AIM OF THE EXERCISE
From the line holding "1800 Dewes St, Glenview, IL 60025 - Photo 10" to the final line of the entries, set down each line exactly, including both, and nothing more.

[Crawled caption data]

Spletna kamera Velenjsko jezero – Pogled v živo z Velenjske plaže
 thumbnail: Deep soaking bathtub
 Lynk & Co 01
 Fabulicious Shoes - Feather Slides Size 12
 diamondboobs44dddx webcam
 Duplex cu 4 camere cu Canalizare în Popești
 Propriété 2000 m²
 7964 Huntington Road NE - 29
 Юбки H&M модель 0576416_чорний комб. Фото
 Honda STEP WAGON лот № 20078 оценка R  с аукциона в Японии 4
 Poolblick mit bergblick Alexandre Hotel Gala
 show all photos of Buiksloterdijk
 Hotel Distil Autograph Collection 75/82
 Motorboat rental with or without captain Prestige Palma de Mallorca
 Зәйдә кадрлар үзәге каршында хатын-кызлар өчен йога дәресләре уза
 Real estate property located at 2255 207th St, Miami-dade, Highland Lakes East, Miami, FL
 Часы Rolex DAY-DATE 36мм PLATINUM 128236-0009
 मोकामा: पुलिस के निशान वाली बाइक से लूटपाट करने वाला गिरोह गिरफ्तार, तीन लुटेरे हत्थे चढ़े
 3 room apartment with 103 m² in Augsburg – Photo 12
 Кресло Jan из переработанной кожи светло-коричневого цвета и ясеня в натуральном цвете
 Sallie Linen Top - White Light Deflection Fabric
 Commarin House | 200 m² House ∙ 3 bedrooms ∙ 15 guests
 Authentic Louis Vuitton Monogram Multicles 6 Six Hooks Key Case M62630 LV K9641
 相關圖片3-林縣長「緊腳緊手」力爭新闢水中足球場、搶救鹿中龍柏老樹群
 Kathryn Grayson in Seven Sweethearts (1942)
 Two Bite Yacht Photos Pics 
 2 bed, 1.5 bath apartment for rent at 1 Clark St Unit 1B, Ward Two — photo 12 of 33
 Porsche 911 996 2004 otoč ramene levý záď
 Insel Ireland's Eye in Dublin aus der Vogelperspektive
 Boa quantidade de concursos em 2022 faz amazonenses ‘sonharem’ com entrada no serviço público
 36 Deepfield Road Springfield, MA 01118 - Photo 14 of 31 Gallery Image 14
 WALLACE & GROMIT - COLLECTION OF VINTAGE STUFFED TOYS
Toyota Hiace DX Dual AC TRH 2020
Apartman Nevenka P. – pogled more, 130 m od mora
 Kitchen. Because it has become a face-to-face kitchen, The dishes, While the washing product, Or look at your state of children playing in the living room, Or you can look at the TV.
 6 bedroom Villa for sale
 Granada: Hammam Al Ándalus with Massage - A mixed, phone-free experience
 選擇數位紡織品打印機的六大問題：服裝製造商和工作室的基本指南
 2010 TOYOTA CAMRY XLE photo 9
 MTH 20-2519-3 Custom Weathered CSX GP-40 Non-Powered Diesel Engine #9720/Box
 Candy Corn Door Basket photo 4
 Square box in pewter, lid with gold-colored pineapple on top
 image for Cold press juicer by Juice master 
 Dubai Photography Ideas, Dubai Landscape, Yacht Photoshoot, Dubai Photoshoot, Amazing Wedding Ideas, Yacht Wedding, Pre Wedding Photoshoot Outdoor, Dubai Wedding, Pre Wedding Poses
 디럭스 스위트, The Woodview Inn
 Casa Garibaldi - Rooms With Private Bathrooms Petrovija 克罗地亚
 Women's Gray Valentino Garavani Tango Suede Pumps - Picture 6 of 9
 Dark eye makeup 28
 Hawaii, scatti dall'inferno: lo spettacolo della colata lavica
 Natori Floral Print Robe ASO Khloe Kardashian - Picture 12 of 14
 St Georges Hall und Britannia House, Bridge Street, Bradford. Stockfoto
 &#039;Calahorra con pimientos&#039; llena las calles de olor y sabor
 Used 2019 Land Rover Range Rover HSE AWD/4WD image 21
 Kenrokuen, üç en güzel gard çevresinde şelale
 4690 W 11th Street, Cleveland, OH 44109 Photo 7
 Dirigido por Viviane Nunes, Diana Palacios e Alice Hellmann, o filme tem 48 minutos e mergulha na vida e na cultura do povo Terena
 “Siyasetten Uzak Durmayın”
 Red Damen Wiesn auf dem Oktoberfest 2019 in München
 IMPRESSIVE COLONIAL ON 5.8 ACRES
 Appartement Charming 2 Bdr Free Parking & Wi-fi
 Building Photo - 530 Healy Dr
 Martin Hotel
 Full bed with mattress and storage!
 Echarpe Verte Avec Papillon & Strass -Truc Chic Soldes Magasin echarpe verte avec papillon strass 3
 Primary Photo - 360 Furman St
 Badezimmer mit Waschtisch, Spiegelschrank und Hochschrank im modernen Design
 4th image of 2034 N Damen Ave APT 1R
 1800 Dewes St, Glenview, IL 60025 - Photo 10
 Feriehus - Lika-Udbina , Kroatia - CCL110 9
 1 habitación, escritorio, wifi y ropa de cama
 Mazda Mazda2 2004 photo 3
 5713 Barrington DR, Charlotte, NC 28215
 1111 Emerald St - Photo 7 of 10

TASK RESPONSE
 1800 Dewes St, Glenview, IL 60025 - Photo 10
 Feriehus - Lika-Udbina , Kroatia - CCL110 9
 1 habitación, escritorio, wifi y ropa de cama
 Mazda Mazda2 2004 photo 3
 5713 Barrington DR, Charlotte, NC 28215
 1111 Emerald St - Photo 7 of 10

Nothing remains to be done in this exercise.